● Task details: Exclude the pictures, then quote exactly the lines from the one holding "Play Town Picnic" through the last line of the records.

● Record excerpts:
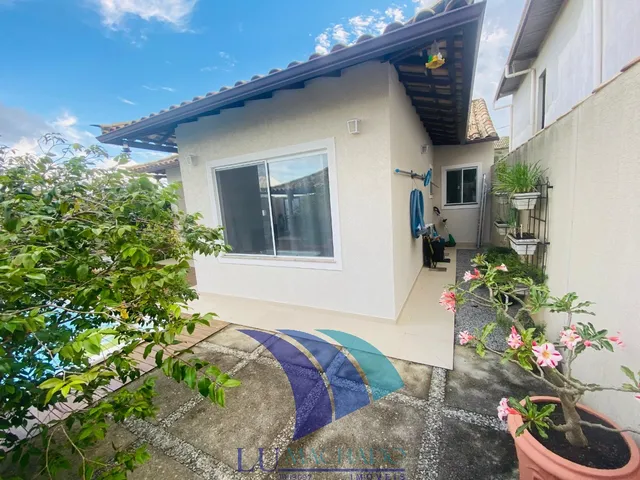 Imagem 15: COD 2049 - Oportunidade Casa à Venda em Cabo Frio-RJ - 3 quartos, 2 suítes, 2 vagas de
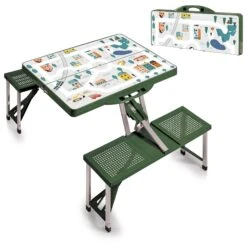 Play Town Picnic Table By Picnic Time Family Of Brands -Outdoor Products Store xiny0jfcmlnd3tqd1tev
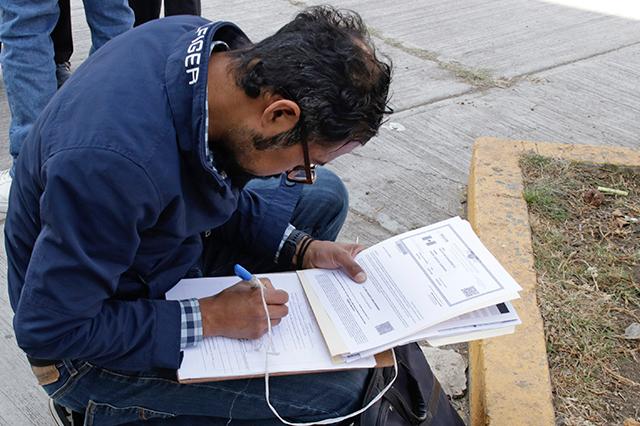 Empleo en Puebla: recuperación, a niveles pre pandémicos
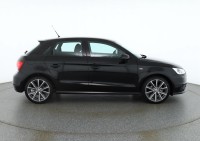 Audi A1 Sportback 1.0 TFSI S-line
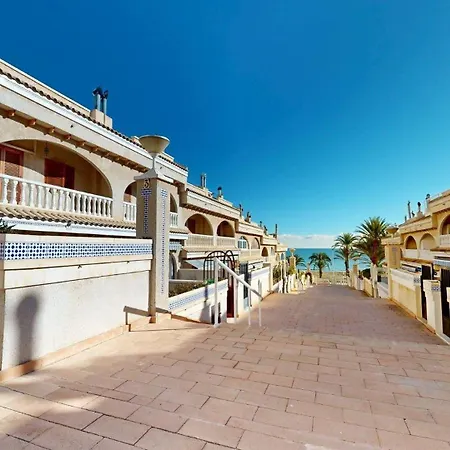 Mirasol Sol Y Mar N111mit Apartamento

● Expected answer:
 Play Town Picnic Table By Picnic Time Family Of Brands -Outdoor Products Store xiny0jfcmlnd3tqd1tev
 Empleo en Puebla: recuperación, a niveles pre pandémicos
 Audi A1 Sportback 1.0 TFSI S-line
 Mirasol Sol Y Mar N111mit Apartamento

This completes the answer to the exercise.